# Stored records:
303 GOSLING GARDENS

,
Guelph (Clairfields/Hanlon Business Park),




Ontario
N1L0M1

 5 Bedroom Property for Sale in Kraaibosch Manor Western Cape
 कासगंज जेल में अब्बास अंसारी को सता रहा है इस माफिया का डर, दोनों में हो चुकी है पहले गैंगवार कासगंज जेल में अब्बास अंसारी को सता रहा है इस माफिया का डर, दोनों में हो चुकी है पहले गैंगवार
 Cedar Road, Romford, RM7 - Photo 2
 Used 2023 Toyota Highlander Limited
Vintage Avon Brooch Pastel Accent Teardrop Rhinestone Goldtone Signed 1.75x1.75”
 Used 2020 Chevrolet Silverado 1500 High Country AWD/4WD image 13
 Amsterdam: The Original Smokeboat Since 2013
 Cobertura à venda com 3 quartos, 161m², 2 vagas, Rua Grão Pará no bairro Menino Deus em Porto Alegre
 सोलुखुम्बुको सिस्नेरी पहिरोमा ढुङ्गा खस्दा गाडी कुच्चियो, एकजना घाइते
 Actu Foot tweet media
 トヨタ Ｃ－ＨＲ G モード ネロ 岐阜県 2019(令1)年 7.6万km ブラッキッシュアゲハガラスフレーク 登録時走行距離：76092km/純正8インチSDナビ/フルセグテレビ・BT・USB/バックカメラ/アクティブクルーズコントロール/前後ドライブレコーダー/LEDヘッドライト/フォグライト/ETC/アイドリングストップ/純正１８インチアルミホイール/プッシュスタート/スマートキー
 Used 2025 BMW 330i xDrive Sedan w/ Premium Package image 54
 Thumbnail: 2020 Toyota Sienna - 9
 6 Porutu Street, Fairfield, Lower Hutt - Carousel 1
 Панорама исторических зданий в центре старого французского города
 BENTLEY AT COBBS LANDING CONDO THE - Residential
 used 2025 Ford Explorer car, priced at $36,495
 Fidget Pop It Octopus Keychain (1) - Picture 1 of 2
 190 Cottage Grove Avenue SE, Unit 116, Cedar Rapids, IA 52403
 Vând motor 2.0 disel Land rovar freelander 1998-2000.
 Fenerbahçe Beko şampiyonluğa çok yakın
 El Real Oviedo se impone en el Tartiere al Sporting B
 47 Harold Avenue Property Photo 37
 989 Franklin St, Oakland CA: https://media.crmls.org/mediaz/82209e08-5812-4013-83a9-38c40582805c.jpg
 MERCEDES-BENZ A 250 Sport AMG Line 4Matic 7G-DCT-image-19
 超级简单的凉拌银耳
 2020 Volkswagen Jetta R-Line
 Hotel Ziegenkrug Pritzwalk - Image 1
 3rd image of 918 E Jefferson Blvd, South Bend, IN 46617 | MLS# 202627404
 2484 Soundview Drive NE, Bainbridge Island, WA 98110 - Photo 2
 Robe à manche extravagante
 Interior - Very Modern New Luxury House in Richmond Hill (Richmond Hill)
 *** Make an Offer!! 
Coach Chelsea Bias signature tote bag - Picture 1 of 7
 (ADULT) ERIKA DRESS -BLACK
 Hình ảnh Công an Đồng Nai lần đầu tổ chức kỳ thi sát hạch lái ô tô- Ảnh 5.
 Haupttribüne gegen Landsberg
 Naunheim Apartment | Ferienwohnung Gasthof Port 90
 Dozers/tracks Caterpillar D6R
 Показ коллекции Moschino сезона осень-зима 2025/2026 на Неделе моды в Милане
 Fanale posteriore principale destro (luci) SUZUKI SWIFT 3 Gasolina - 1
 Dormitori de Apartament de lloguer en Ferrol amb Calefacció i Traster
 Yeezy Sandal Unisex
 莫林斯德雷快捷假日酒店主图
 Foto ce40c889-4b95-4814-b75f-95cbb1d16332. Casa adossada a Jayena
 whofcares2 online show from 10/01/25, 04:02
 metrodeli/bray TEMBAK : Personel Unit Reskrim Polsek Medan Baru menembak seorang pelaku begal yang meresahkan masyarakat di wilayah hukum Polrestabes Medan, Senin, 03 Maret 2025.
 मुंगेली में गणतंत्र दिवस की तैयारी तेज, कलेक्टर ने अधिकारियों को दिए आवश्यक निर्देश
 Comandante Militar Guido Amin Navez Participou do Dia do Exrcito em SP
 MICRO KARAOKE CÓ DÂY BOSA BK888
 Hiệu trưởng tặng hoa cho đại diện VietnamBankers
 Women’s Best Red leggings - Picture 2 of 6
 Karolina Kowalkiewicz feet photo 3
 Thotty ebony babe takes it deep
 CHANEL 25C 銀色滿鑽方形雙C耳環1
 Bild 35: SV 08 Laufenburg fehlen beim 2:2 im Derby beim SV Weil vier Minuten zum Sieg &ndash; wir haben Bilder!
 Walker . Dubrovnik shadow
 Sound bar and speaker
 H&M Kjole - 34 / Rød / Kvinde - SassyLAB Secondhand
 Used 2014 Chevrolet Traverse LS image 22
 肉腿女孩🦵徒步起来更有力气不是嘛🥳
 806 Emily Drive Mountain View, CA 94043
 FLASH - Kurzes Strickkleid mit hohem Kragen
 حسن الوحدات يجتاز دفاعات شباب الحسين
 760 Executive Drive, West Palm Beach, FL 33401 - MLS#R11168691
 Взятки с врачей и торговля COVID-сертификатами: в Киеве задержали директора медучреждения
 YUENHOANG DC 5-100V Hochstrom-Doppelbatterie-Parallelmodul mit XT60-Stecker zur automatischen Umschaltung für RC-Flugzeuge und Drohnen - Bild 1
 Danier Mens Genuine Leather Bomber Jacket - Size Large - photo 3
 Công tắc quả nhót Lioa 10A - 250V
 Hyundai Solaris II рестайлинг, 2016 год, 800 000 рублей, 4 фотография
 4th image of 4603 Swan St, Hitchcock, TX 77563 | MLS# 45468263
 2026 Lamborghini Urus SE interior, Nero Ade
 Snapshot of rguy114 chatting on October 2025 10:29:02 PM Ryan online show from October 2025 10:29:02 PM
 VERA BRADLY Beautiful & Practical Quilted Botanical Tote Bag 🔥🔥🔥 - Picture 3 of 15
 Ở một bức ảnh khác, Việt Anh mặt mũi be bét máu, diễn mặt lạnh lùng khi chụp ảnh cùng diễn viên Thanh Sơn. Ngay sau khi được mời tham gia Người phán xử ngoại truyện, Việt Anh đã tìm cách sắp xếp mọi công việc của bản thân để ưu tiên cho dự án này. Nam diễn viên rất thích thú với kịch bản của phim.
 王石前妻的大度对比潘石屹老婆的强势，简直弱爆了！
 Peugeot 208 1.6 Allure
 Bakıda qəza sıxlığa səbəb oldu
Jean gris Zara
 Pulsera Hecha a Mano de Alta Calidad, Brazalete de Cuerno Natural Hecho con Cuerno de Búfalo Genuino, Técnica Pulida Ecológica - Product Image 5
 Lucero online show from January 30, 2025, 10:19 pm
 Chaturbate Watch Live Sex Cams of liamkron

# What you need to do:
From the data above, reproduce word for word the lines running from the line with "トヨタ Ｃ－ＨＲ G モード" to the line with "Показ коллекции Moschino", ends included.

# Solution:
 トヨタ Ｃ－ＨＲ G モード ネロ 岐阜県 2019(令1)年 7.6万km ブラッキッシュアゲハガラスフレーク 登録時走行距離：76092km/純正8インチSDナビ/フルセグテレビ・BT・USB/バックカメラ/アクティブクルーズコントロール/前後ドライブレコーダー/LEDヘッドライト/フォグライト/ETC/アイドリングストップ/純正１８インチアルミホイール/プッシュスタート/スマートキー
 Used 2025 BMW 330i xDrive Sedan w/ Premium Package image 54
 Thumbnail: 2020 Toyota Sienna - 9
 6 Porutu Street, Fairfield, Lower Hutt - Carousel 1
 Панорама исторических зданий в центре старого французского города
 BENTLEY AT COBBS LANDING CONDO THE - Residential
 used 2025 Ford Explorer car, priced at $36,495
 Fidget Pop It Octopus Keychain (1) - Picture 1 of 2
 190 Cottage Grove Avenue SE, Unit 116, Cedar Rapids, IA 52403
 Vând motor 2.0 disel Land rovar freelander 1998-2000.
 Fenerbahçe Beko şampiyonluğa çok yakın
 El Real Oviedo se impone en el Tartiere al Sporting B
 47 Harold Avenue Property Photo 37
 989 Franklin St, Oakland CA: https://media.crmls.org/mediaz/82209e08-5812-4013-83a9-38c40582805c.jpg
 MERCEDES-BENZ A 250 Sport AMG Line 4Matic 7G-DCT-image-19
 超级简单的凉拌银耳
 2020 Volkswagen Jetta R-Line
 Hotel Ziegenkrug Pritzwalk - Image 1
 3rd image of 918 E Jefferson Blvd, South Bend, IN 46617 | MLS# 202627404
 2484 Soundview Drive NE, Bainbridge Island, WA 98110 - Photo 2
 Robe à manche extravagante
 Interior - Very Modern New Luxury House in Richmond Hill (Richmond Hill)
 *** Make an Offer!! 
Coach Chelsea Bias signature tote bag - Picture 1 of 7
 (ADULT) ERIKA DRESS -BLACK
 Hình ảnh Công an Đồng Nai lần đầu tổ chức kỳ thi sát hạch lái ô tô- Ảnh 5.
 Haupttribüne gegen Landsberg
 Naunheim Apartment | Ferienwohnung Gasthof Port 90
 Dozers/tracks Caterpillar D6R
 Показ коллекции Moschino сезона осень-зима 2025/2026 на Неделе моды в Милане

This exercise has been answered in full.